---------- DATA FOR REVIEW

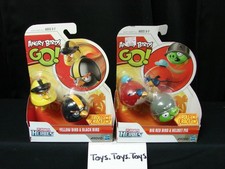 Angry Birds GO Big Red Bird Helmet Pig Yellow Bird Black Bird Playskool Heroes
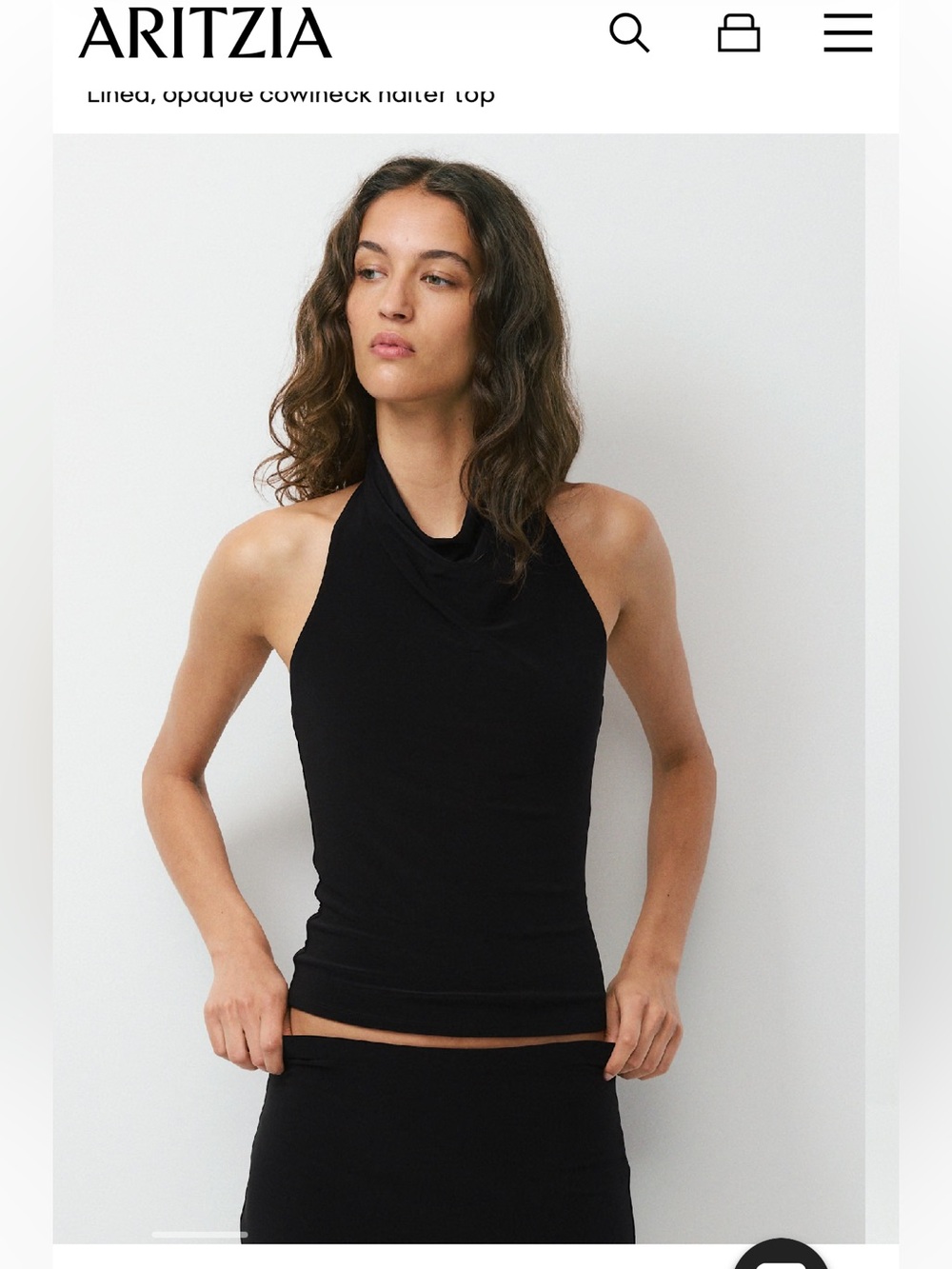 Aritzia tower top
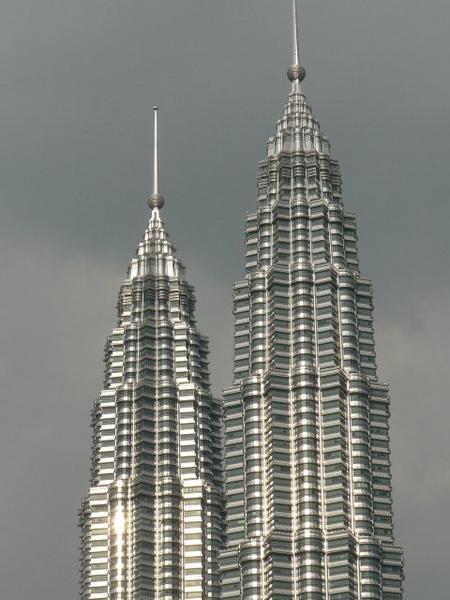 Top of Petronas Towers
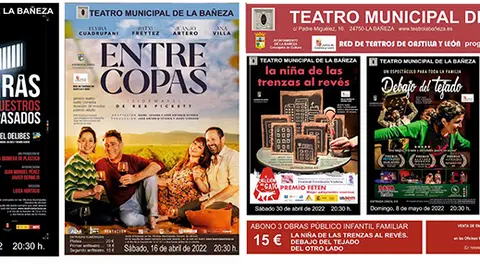 Cartelera Teatro de La Ba&ntilde;eza 2022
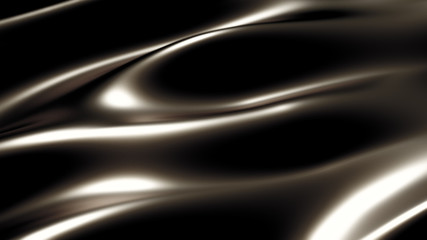 Luxury elegant background abstraction fabric. 3d illustration, 3d rendering.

--------------------

▸ **WHAT IS BEING ASKED**: What is needed here is an exact transcription of every record above, with images excluded.

▸ **RESPONSE**:
 Angry Birds GO Big Red Bird Helmet Pig Yellow Bird Black Bird Playskool Heroes
 Aritzia tower top
 Top of Petronas Towers
 Cartelera Teatro de La Ba&ntilde;eza 2022
 Luxury elegant background abstraction fabric. 3d illustration, 3d rendering.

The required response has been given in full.